Churros in Valladolid
We found the tastiest churros from a street cart in a quaint little colonial town, Valladolid in Mexico. The town was home to early Spanish settlers in the 16th century and there’s even an old church in the center of town that dated back to the settler days. Of course, I was much too determined to sample some street food than wander around an old church so we crossed the street to this little park where lots of food carts and street vendors were set up. The park was lively with locals and tourists.
We could smell the churros as soon as we entered the park and all we had to do was follow our noses to find the busiest cart in the park.
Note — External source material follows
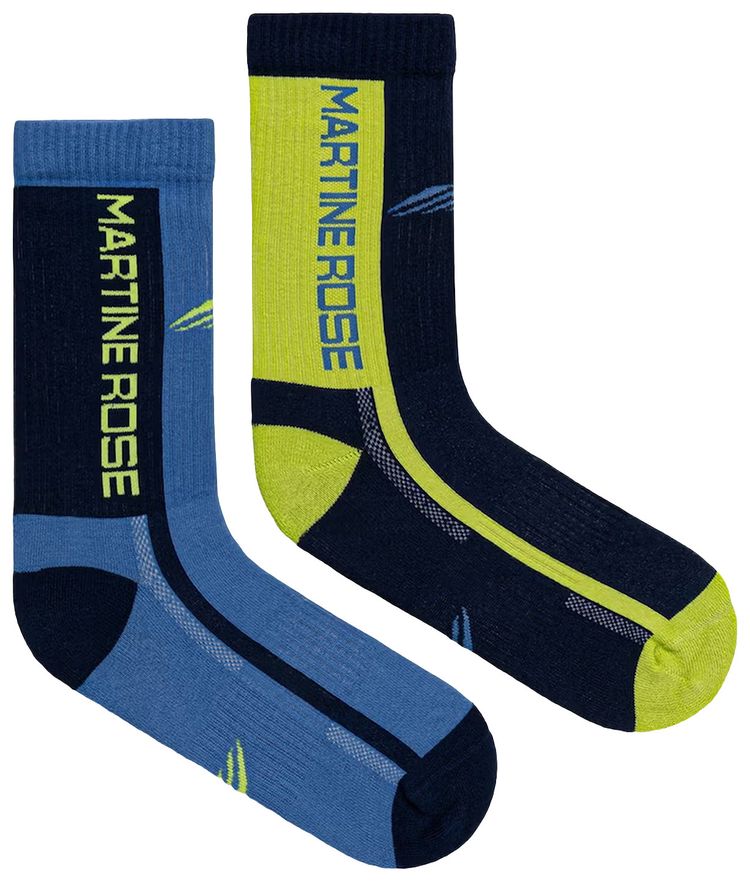 Martine Rose Sports Sock Multi Pack BlueLime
Churros are Spanish doughnuts that are basically long pieces of deep fried dough rolled in lots and lots of sugar and cinnamon. The dough is made from choux pastry, a light, eggy and fluffy pastry similar to that of cream puffs and French crullers. The reason why these were the best churros was because they were fried up just to the right degree so they were golden and crispy on the outside. The outside of the churros were coated with a thick layer of cinnamon and sugar and made a crispy, satisfying crunch with each bite. We nearly burnt our tongues off while gobbling up these sugary churros. They were piping hot, our fingers were getting charred from holding the hot paper bag the churros were in but the doughnuts smelled so good, we just couldn’t wait for them to cool down before we demolished them. The inside of the churros were light, fluffy and creamy all at the same time, a delicious contrast to the golden, crusty outside of the doughnut.
We had already eaten churros earlier in the day at a small restaurant at the hotel near Chichen Itza but those thin, crunchy churros couldn’t hold a candle to these thick, scrumptious sugar logs from the food cart. I still dream of these churros!